# Vise repair



## Aukai (Jun 16, 2020)

A friend wants me to make his dad's  4-Allied vise serviceable again as a keep sake. It is missing the front retainer plate, and the leverage bar. The plate should be simple enough, but what bar stock for the arm, and how long?


----------



## DavidR8 (Jun 16, 2020)

I have a Record 4.5" vise. Its handle is 9'5" long between the 'buttons' on the handle ends. Material-wise no idea but it's very stout stuff as I've cranked down hard and the handle never even hints at bending.


----------



## Aukai (Jun 16, 2020)

That's what I know about vises too, pretty hard to get the handle to even flex by hand.


----------



## darkzero (Jun 16, 2020)

Hmm I'd like to know too although I'd probably just use 1018 or 4140 as I have it. I was given a 6" Wilton made Snap-On vise that was beat on. The handle is bent & a corner of the jaw ledge is broken off. Been meaning to get the ledge brazed/welded by someone & restore it.
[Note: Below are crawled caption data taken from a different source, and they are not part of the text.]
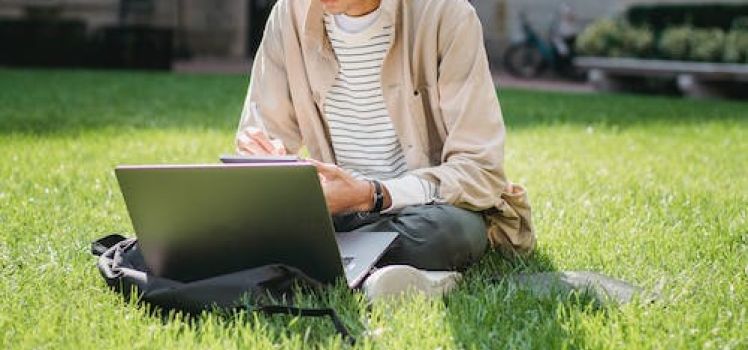 Student on laptop outside 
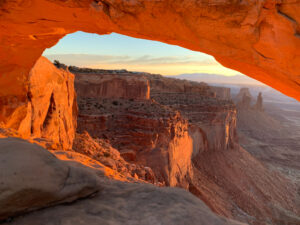 stone arches of the utah big 5 illuminate by a sunset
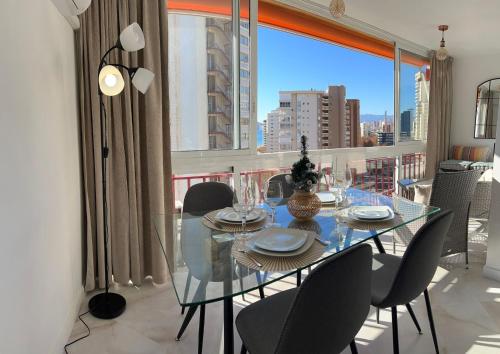 uma sala de jantar com uma mesa de vidro e cadeiras em Apartamento BENILOVE, en playa Benidorm em Benidorm
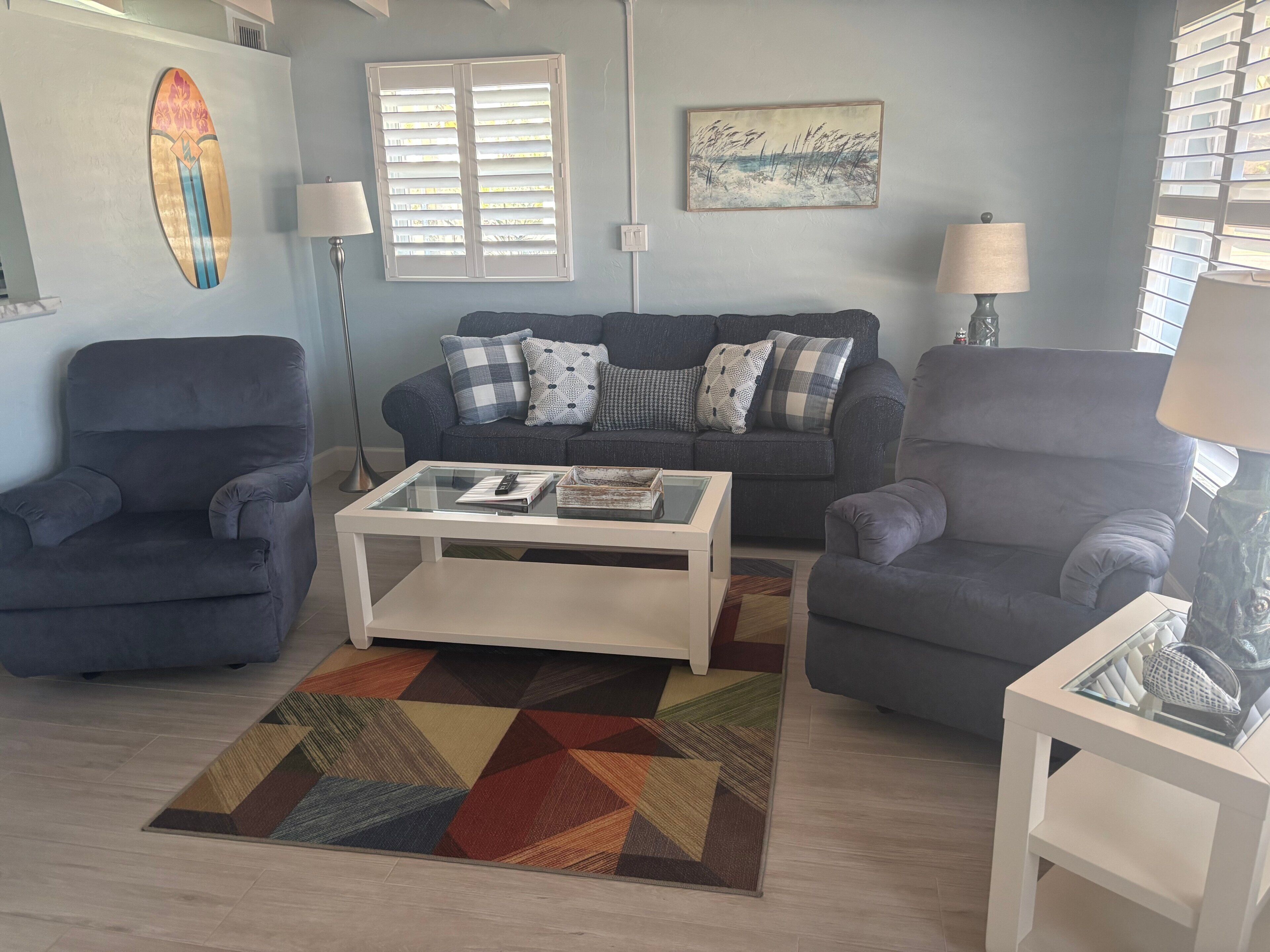 Un salon comprenant un canapé, deux fauteuils, une table basse, un tapis à motifs, une décoration sur le thème du surf et un tableau représentant une scène de plage.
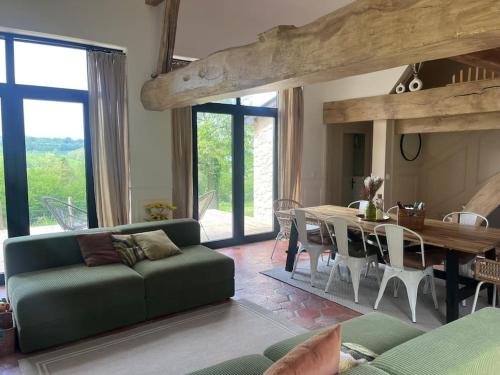 un salon avec un canapé vert et une table dans l'établissement Magnifique maison au coeur de la campagne normande, à La Chapelle-Haute-Grue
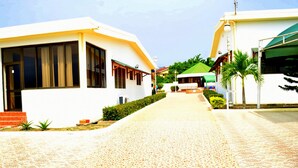 A pathway leading to a building with a reception area, surrounded by greenery and palm trees. - Hotel Loreto (Cape Coast)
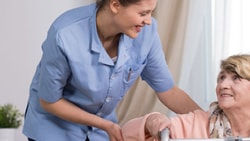 A Medbridge caregiver in blue helps a smiling elderly woman with a walker in a bright room.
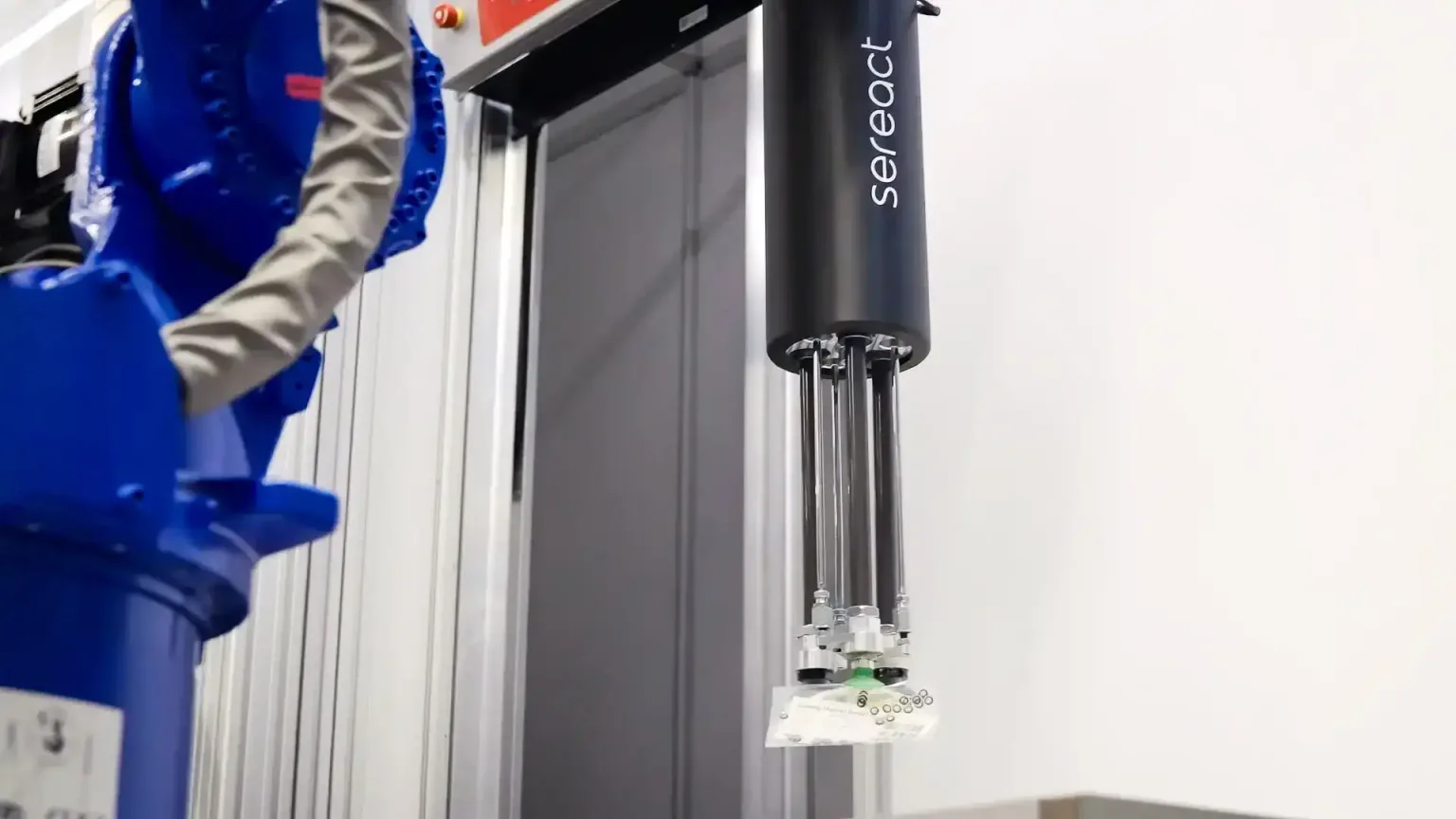 A Sereact-branded gripper on an industrial robot arm picking a packaged item in a facility.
But it's just been sitting in the corner of the garage for years now.


----------



## darkzero (Jun 16, 2020)

BTW mechanics can be abusive! That broken vise I have came from a forklift mechanic. When I worked at my buddy's performance shop, his dad got so mad one day he broke a Snap-On vise into 2 pieces. All of us were shocked & could not believe that he broke it or could figure out what he used to break it.


----------



## Nutfarmer (Jun 16, 2020)

I just used mild steel on my Columbian vise over twenty five years ago and it's still just fine. How some people can destroy somethings is beyond me. Guess there is some truth behind the saying that some people could break a crow bar in a sand box.


----------



## BGHansen (Jun 16, 2020)

Seems like you'd be fine with 1018.  We have a Wilton bullet vise at work and you can scratch it pretty easily with a file.

Bruce


----------



## ErichKeane (Jun 16, 2020)

Probably just 1018, but if you wanted something a littler stouter, 4140HT isn't too costly, and is significantly harder.


----------



## Aukai (Jun 16, 2020)

Is one cap machined, and the other button threaded on? I have not turned 1018, I have turned 4130, is 4140HT significantly harder to work?


----------



## ErichKeane (Jun 16, 2020)

4140HT turns pretty easy, its only 35 Rc, so better than most steels but somewhat prehardened.  I just use HSS, and turn slightly slower than 1018.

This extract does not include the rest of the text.